Pictures must not appear; the answer is exactly the lines from the one that holds "Hübsch-collectie Haze Lounge" through the end of the material.

*** Source records Section Begins ***

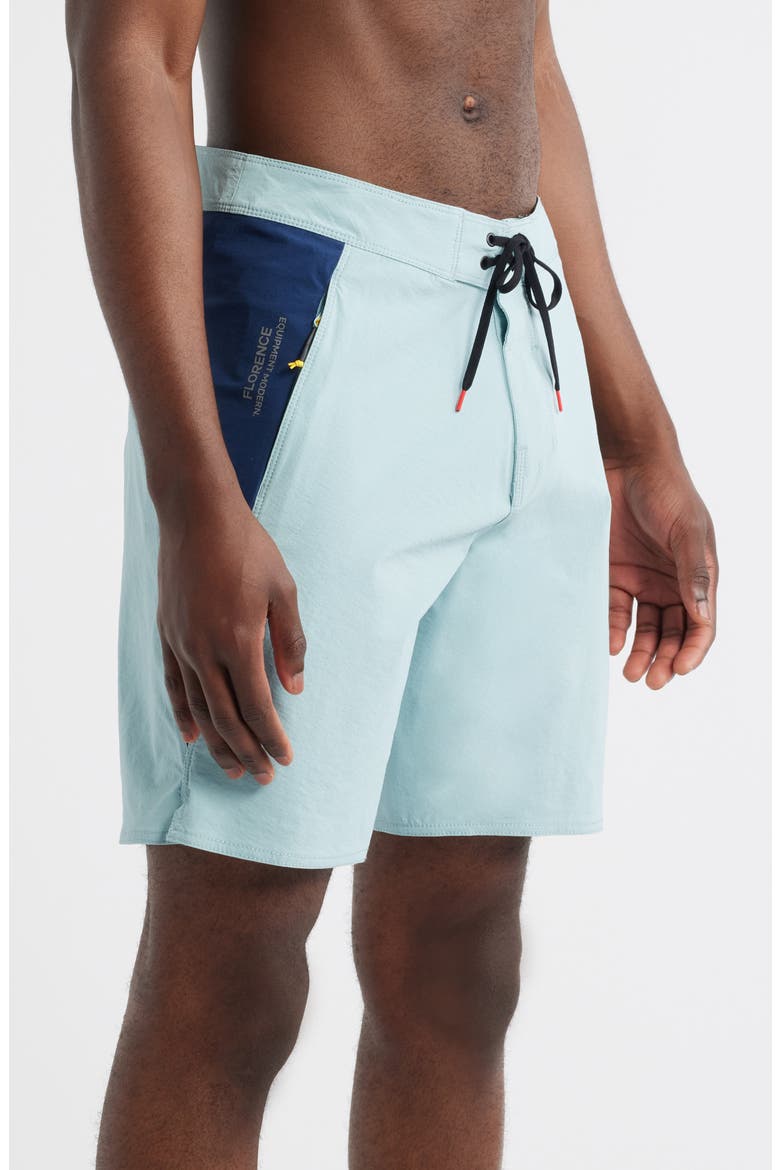 Cordura Airtex Board Shorts, Alternate, color, LIGHT BLUE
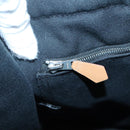 HERMES Fourre Tout MM Hand Bag Canvas Black Auth 129764-17
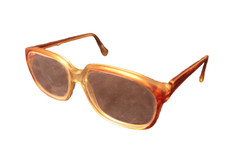 J588 Brown Fade Eyeglasses Frame 58-18-145-18 Made in P.R.C Vintage Glasses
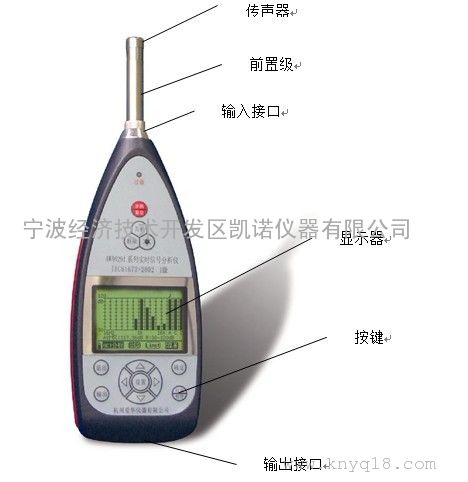 AWA6291噪声统计实时信号分析仪-声级计噪声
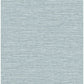 Malin Denim Faux Grasscloth Wallpaper
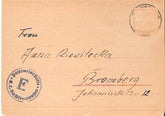 Sachsenhausen Lettercard 166
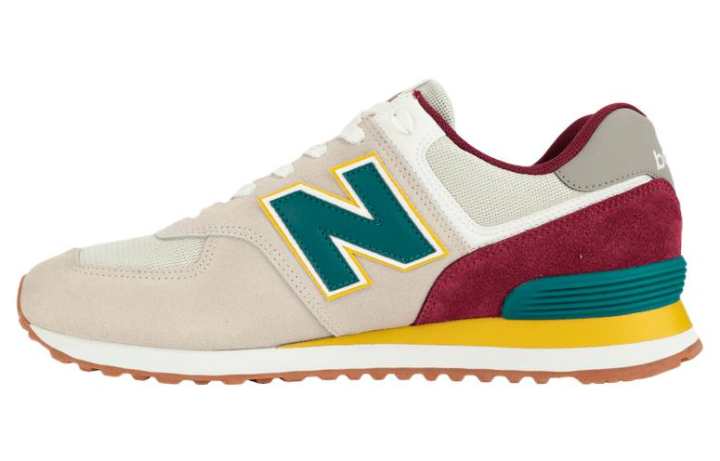 New Balance New Balance 574 'Gray Red Green'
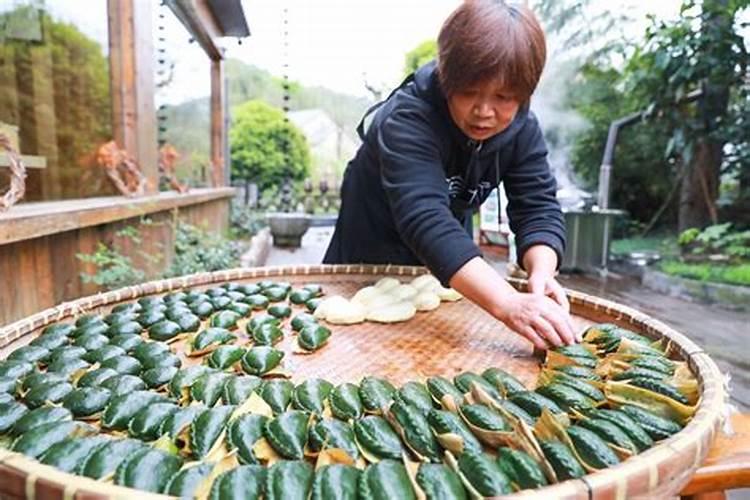 浙江清明节习俗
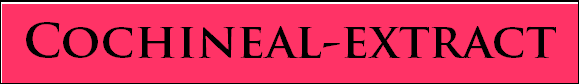 Cochineal-extract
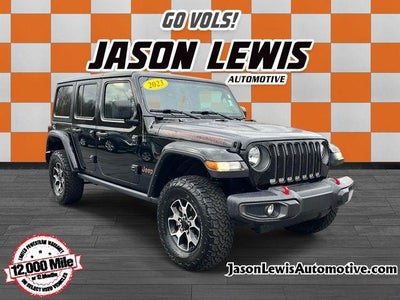 2023 Jeep Wrangler Rubicon 4 Door 4x4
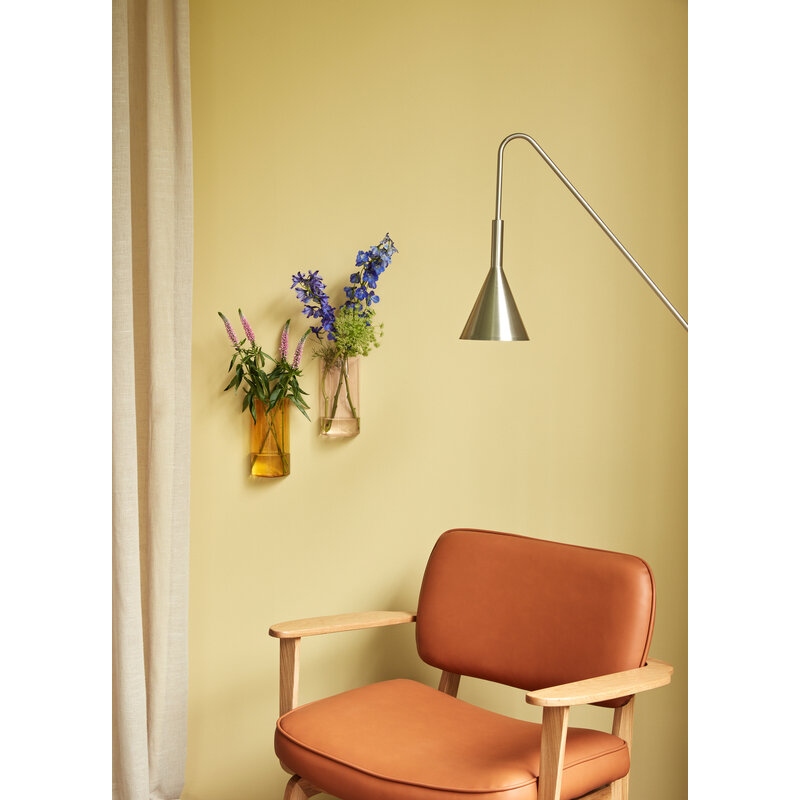 Hübsch-collectie Haze Lounge Chair Brown/Natural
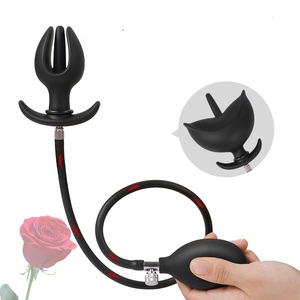 Giocattolo Sessuale per Adulti, Plug Anale Gonfiabile in Silicone Morbido, Novità 2022, Grande Plug Anale in Silicone per Uomini e Donne - Product Image 1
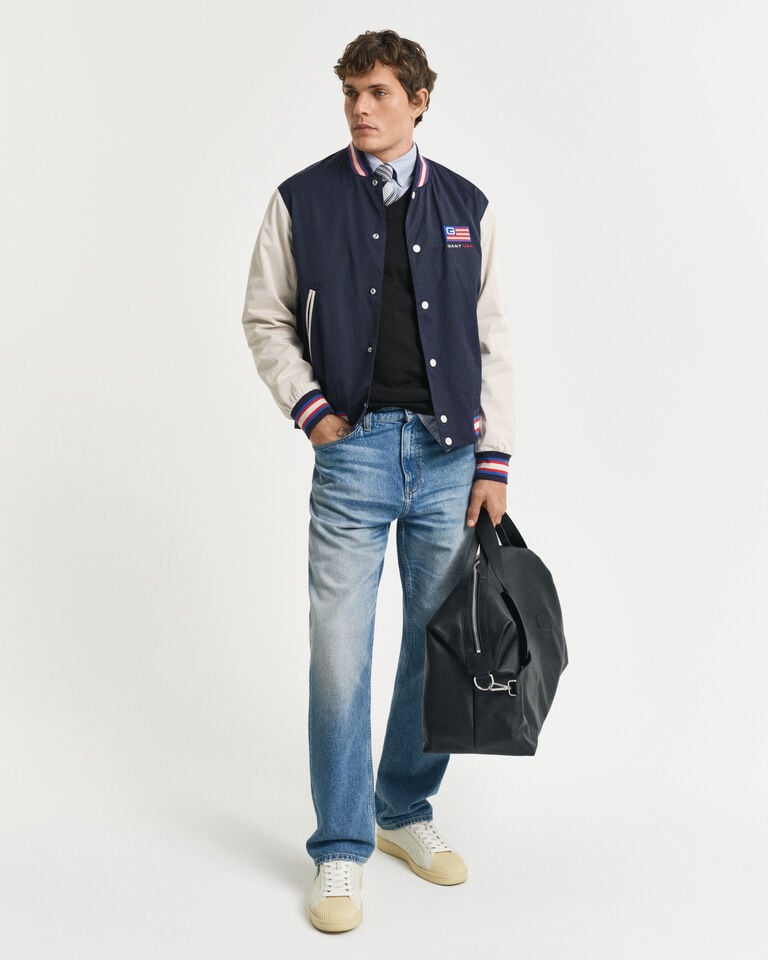 Gant Jersey Clásico De Algodón Con Cuello De Pico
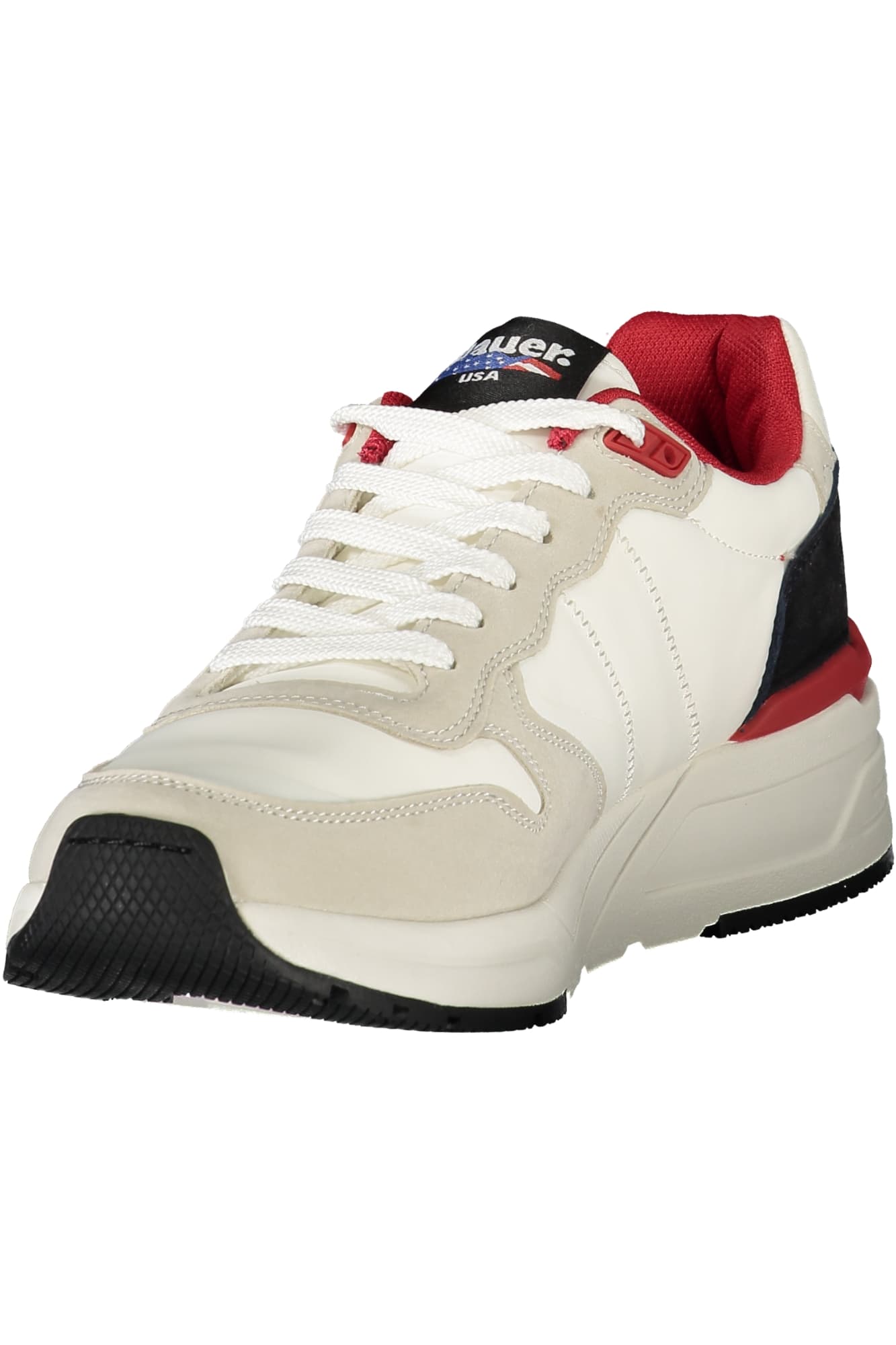 BLAUER CALZATURA SPORTIVA UOMO BIANCO - Miniatura 3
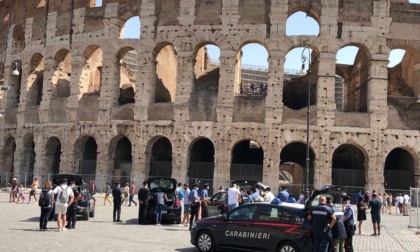 ROMA: CONTROLLI ANTIABUSIVISMO AL COLOSSEO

*** Source records Section Ends ***

• Solution for this task:
 Hübsch-collectie Haze Lounge Chair Brown/Natural
 Giocattolo Sessuale per Adulti, Plug Anale Gonfiabile in Silicone Morbido, Novità 2022, Grande Plug Anale in Silicone per Uomini e Donne - Product Image 1
 Gant Jersey Clásico De Algodón Con Cuello De Pico
 BLAUER CALZATURA SPORTIVA UOMO BIANCO - Miniatura 3
 ROMA: CONTROLLI ANTIABUSIVISMO AL COLOSSEO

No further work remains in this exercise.